Only Pieper, with his characteristic serenity--remarkable for a man who lived through some of the most turbulent times in a country at the center of the last century's upheavals--seems to have actually assented to the world and reached the truly Everlasting Yea. And it is obvious from the types of books he wrote: a Theory of Festivity as well as Happiness and Contemplation; he wrote about affirming the goodness of the world without the rancor of Nietzsche or the irony of Carlyle. In a world turned upside down and full of fashionable sophists like Sartre who called being born absurd, he undertook the difficult task of explaining why the world was good, and why we should say "yes" to it. What made it possible for Pieper to attain the everlasting Yea was his belief in a transcendent God who does not demand self-annihilation as a prerequisite to happiness (or blessedness), as opposed to the quasi-Spinozan God of Teufelsdröckh and Carlyle. For Pieper, who saw himself as developing the key concept of Kreatürlichkeit ("creatureliness") he found in St. Thomas Aquinas, existence was even more of a miracle than for Carlyle--the free act of a Creator who was under no compulsion to make the world. Only with his belief in a transcendent God who created and redeemed the world could Pieper say, "Lord, it is good that I am here!"

The Everlasting Yea, in its sublimest form, is a fundamental affirmation of the goodness of the world and of its Creator. And for each of these authors, the Everlasting Yea is the source of any spiritual serenity they experienced.
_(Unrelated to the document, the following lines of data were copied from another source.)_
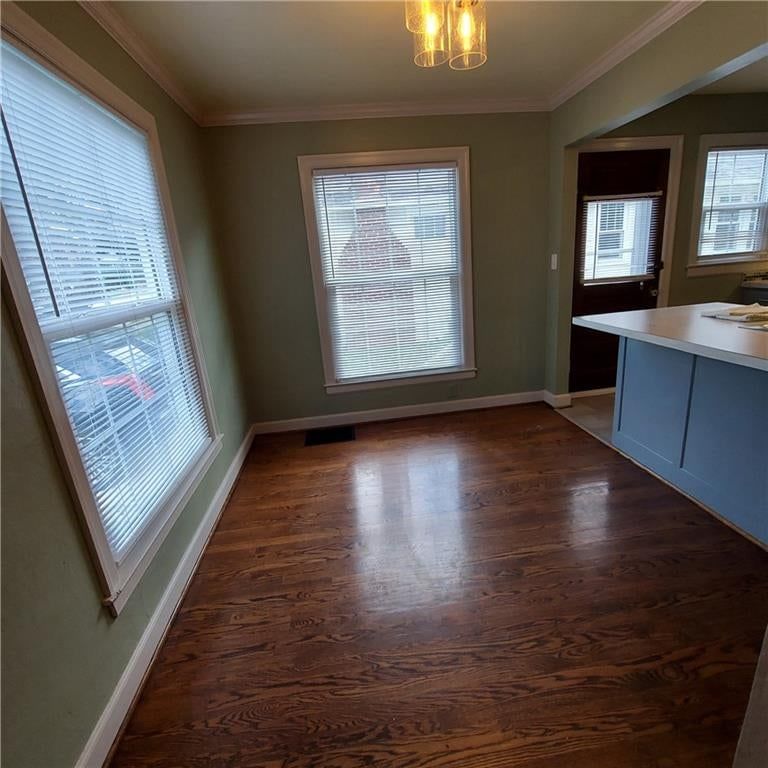 520 N Pleasant Street — photo 14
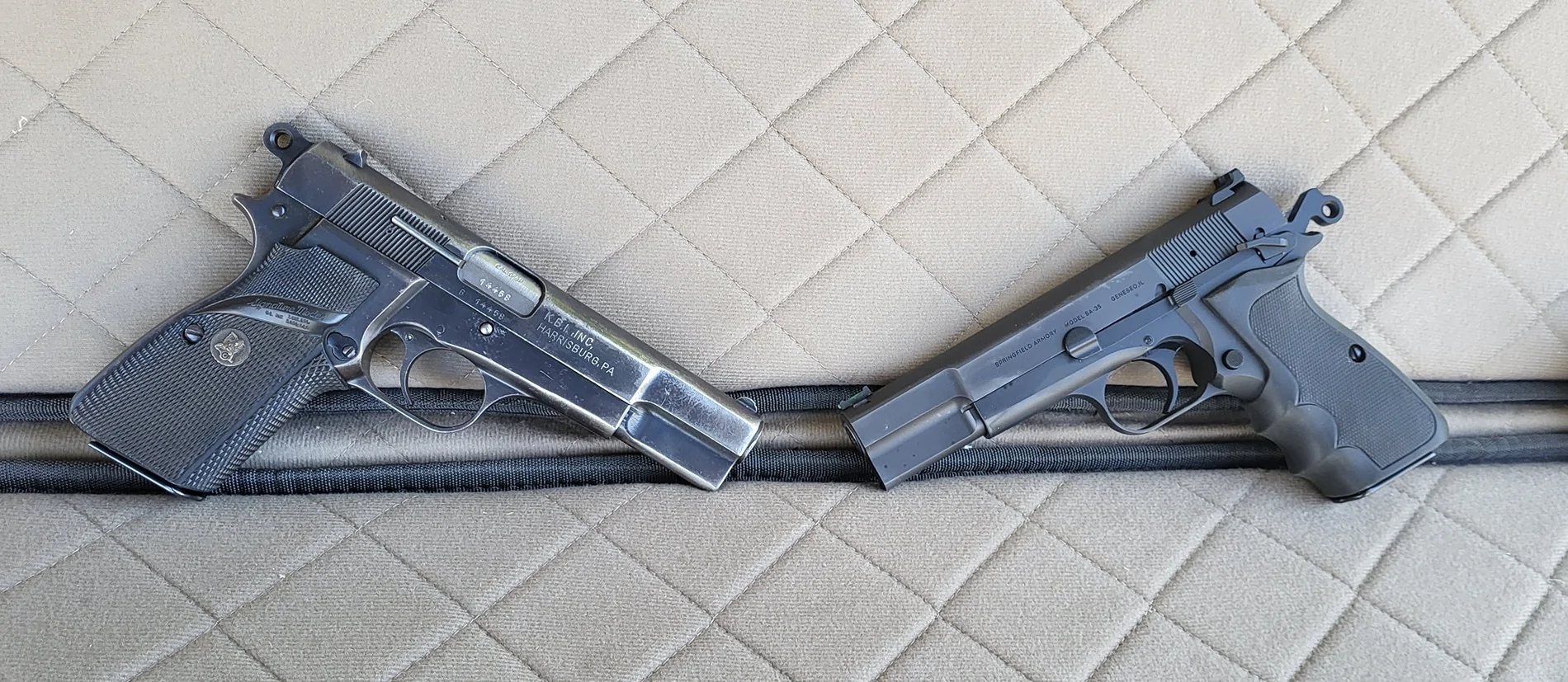 Jeep Wrangler JL Firearm and knife collectors Hi powers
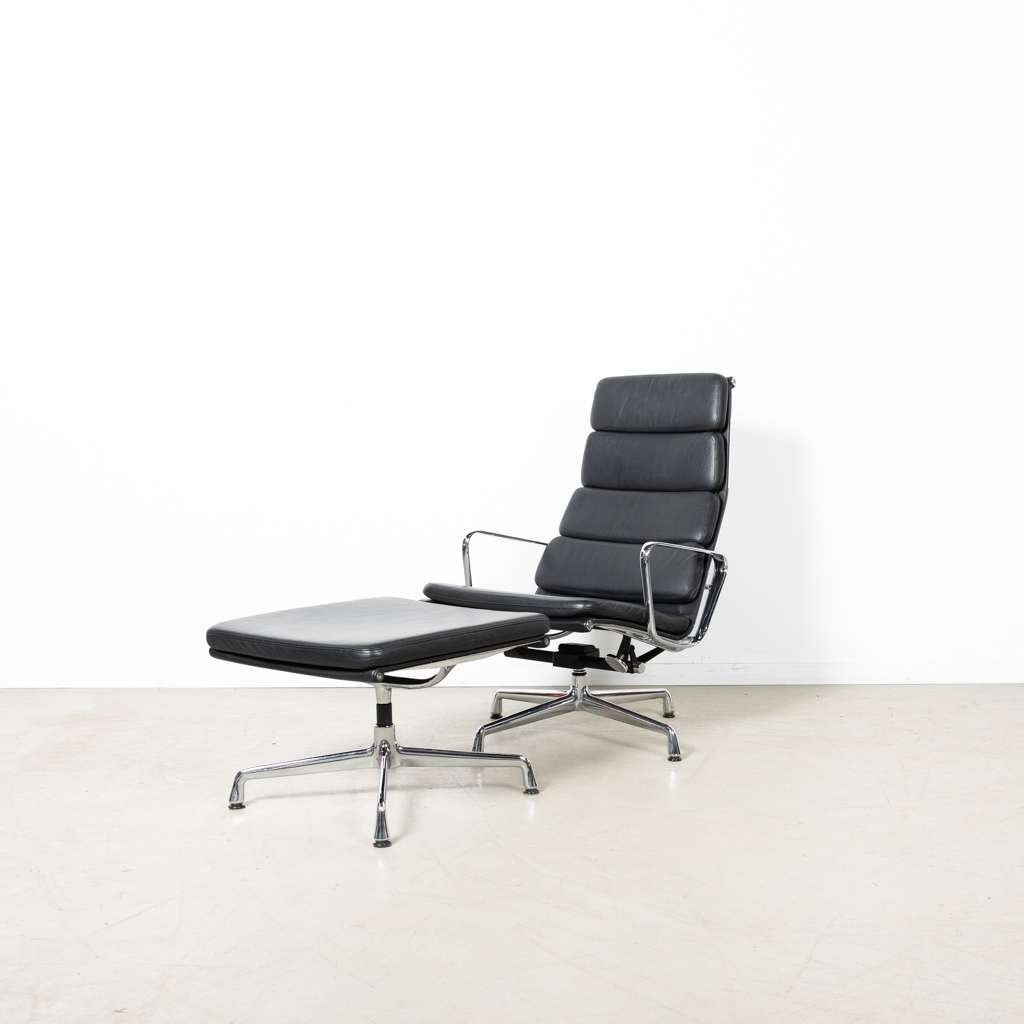 2x Vitra Eames EA222 Fauteuil Zwart Leer + Hocker, Niet ingevuld, Niet ingevuld, 75 tot 100 cm, Zo goed als nieuw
[1] Pieper's book is available in English translation as In Tune with the World, but I hesitate to call it by that title because it is a mistranslation of the German: Zustimmung means affirmation, assent, agreement, or approval; it implies an active decision to say "yes" to something, not a passive surrender.

[2] Romano Guardini, Vom Sinn der Schwermut (Mainz: Matthias-Grünewald-Verlag, 2003), p. 24.

[3] Readers interested on the question of pantheism should consult Thomas Molnar, God and the Knowledge of Reality (New York: Basic Books, 1973).